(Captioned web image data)

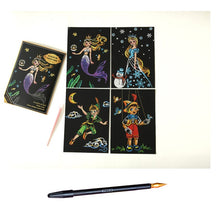 Load image into Gallery viewer, 4pcs DIY Drawing Painting Rainbow Scratch Art Mini Notes with Scraping Stylus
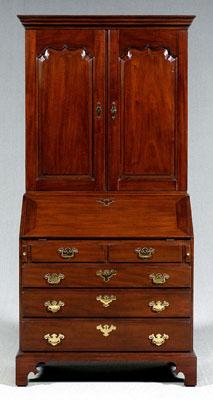 Appraisal: Kittinger desk bookcase Chippendale style mahogany with oak secondary Williamsburg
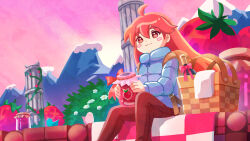 Rule 34 | 1girl, :3, basket, bird, blanket, blue coat, blush stickers, celeste (video game), closed mouth, coat, day, flower, food, fruit, fuwamoko momen toufu, highres, long hair, long sleeves, looking at viewer, madeline (celeste), mountain, outdoors, pants, picnic basket, pillar, red eyes, red hair, red pants, sitting, smile, solo, strawberry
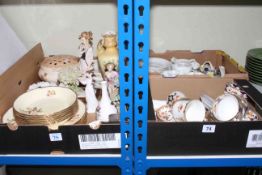 Three boxes of teaware, Doulton figure 'With Love', Poole dish, Two Lladro plaques, etc.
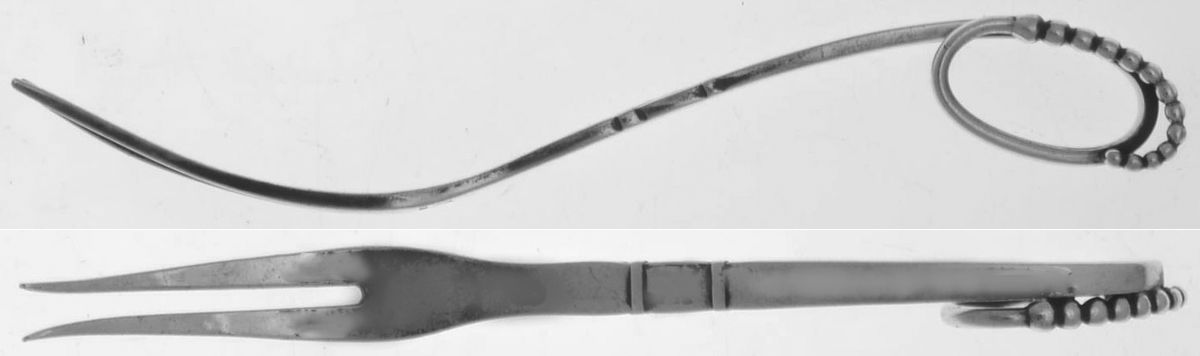 Ornamental Items (Sterling) 2 Tine Small Cold Cut Fork by Georg Jensen (Denmark)-1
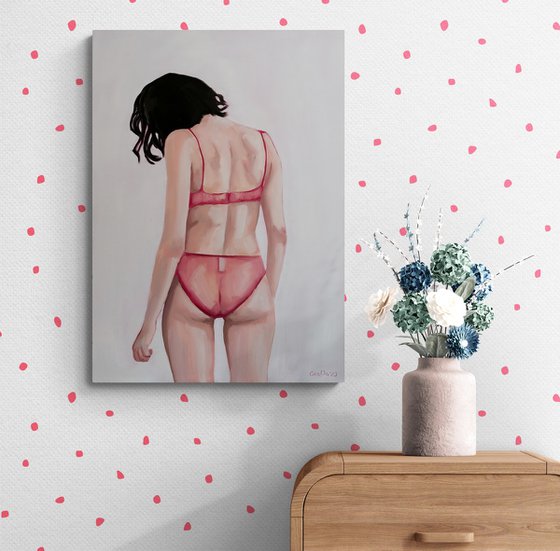 Girl in Pink Lingerie - Nude Erotic Female Figure Painting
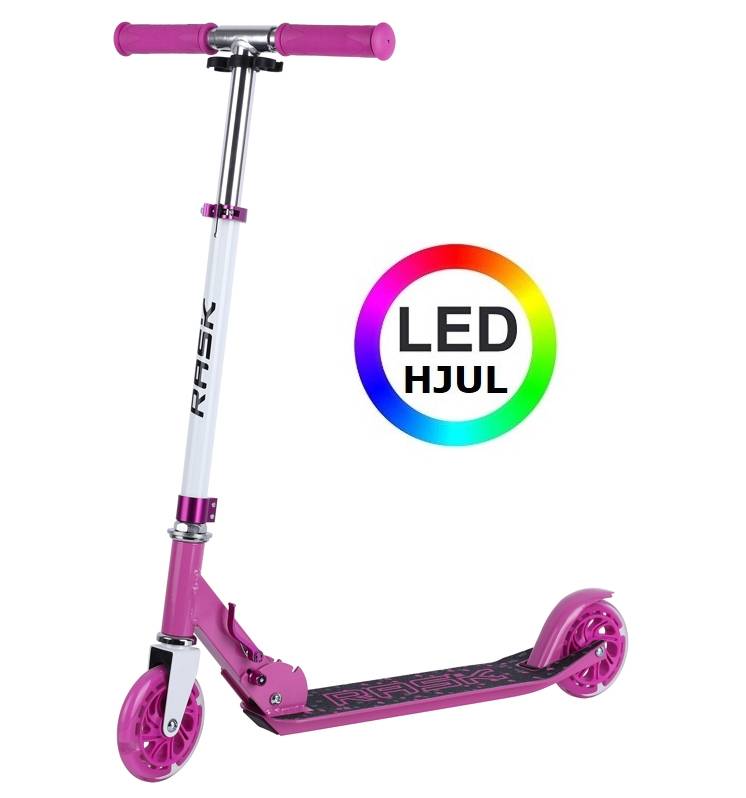 Rask 120 mm. Løbehjul med Lys, Pink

(WHAT YOU NEED TO DO) In the copy, omit the pictures and give every line of the data exactly.

(OUTPUT)
 Load image into Gallery viewer, 4pcs DIY Drawing Painting Rainbow Scratch Art Mini Notes with Scraping Stylus
 Appraisal: Kittinger desk bookcase Chippendale style mahogany with oak secondary Williamsburg
 Rule 34 | 1girl, :3, basket, bird, blanket, blue coat, blush stickers, celeste (video game), closed mouth, coat, day, flower, food, fruit, fuwamoko momen toufu, highres, long hair, long sleeves, looking at viewer, madeline (celeste), mountain, outdoors, pants, picnic basket, pillar, red eyes, red hair, red pants, sitting, smile, solo, strawberry
 Three boxes of teaware, Doulton figure 'With Love', Poole dish, Two Lladro plaques, etc.
 Ornamental Items (Sterling) 2 Tine Small Cold Cut Fork by Georg Jensen (Denmark)-1
 Girl in Pink Lingerie - Nude Erotic Female Figure Painting
 Rask 120 mm. Løbehjul med Lys, Pink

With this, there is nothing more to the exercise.